O Sesc, ao completar 80 anos, e o Sempre Um Papo, 40, celebram a sua trajetória através do ciclo “Oito Eixos da Contemporaneidade” uma programação que, ao longo do ano de 2026, coloca em debate os principais contextos em curso na humanidade com personalidades importantes da cultura brasileira.
A abertura do ciclo acontece no dia 28 de abril, terça-feira, às 19h, no Sesc Pinheiros (Rua Pais Leme, 195 – Pinheiros), com o eixo “Povos indígenas e o futuro da Terra”, reunindo o escritor Daniel Munduruku e a artista indígena Auá Mendes. O encontro propõe um espaço de escuta e diálogo a partir das experiências, narrativas e perspectivas dos povos originários, destacando sua centralidade nos debates contemporâneos sobre sustentabilidade, cultura e modos de vida.
O Ciclo “Oito Eixos da Contemporaneidade” é uma realização do Sesc e AB Comunicação e Cultura, gestora do “Sempre um Papo”. A entrada é gratuita, Entrada gratuita com retirada de ingressos até 1 hora antes do início da atividade.
A programação prossegue com o educador Kaká Werá, falando sobre o mesmo tema no dia 29/4, quarta-feira, 19h, no Sesc Santos e encerra no dia 30/4, 19h30, com Daniel Munduruku, no Sesc Sorocaba.
Oito Eixos da Contemporaneidade”
Em 2026, o Sempre Um Papo celebra 40 anos de atuação ininterrupta na promoção do livro, da leitura e do diálogo, em parceria com o Sesc São Paulo, que completa 80 anos de história dedicados ao bem-estar, à cultura e à convivência social no Brasil. É também o ponto de encontro entre duas instituições que, ao longo do tempo, consolidaram a cultura como espaço de convivência, pensamento e transformação social.
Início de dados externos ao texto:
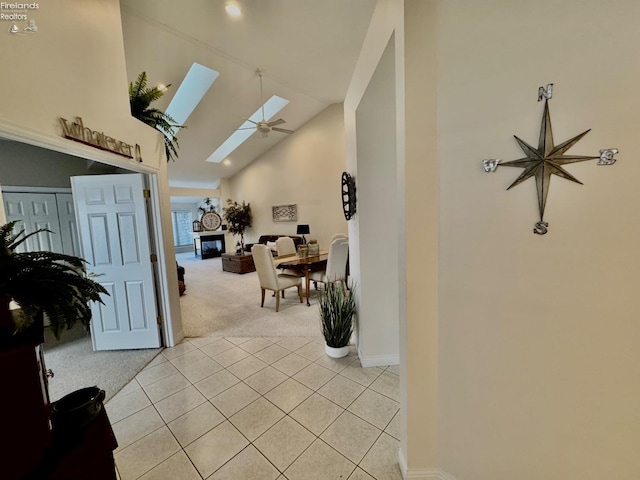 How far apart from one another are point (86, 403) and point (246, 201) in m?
8.67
A programação anual do Ciclo “Oito Eixos da Contemporaneidade” é estruturada a partir de oito eixos temáticos que organizam os encontros em torno de questões centrais do nosso tempo, orientando o diálogo entre literatura, pensamento crítico e experiência social. São eles:
1 – Povos indígenas e o futuro da Terra: saberes ancestrais e cosmologias como referência para sustentabilidade e justiça climática;
2 – A palavra e o tempo: escrevivência e resistência: escritas que emergem da memória, da oralidade e da experiência histórica;
3 – Ciência, subjetividade e comunidade: diálogos entre conhecimento científico, saúde mental, tecnologia e vida cotidiana;
4 – Vida pública, bem-viver e cidadania: transformações das relações sociais e novas formas de participação coletiva;
5 – Saúde, alimentação e cultura do cuidado: o cuidado como prática cultural e social;
6 – Cultura e identidade: expressões artísticas como força de pertencimento;
7 – Palco e plateia: a arte do encontro: a experiência do debate público e da mediação cultural;
8 – Educação e o futuro do conhecimento: novas pedagogias, inclusão e formação de cidadãos críticos.
O Ciclo inaugura uma programação que se estende ao longo do ano, em unidades do Sesc na capital e no interior, reunindo escritores, artistas e pensadores em torno de reflexões que partem dos saberes ancestrais e das narrativas indígenas, destacando sua potência para repensar a relação entre humanidade e natureza.
Abertura: Povos indígenas e o futuro da Terra
O encontro propõe um espaço de escuta e diálogo a partir das experiências, narrativas e perspectivas dos povos originários, destacando sua centralidade nos debates contemporâneos sobre sustentabilidade, cultura e modos de vida.
Professor e autor de mais de 70 livros, Daniel Munduruku é doutor em Educação, pós-doutor em Linguística e ocupa a cadeira 21 da Academia Paulista de Letras. Sua obra é referência na valorização das culturas indígenas no Brasil.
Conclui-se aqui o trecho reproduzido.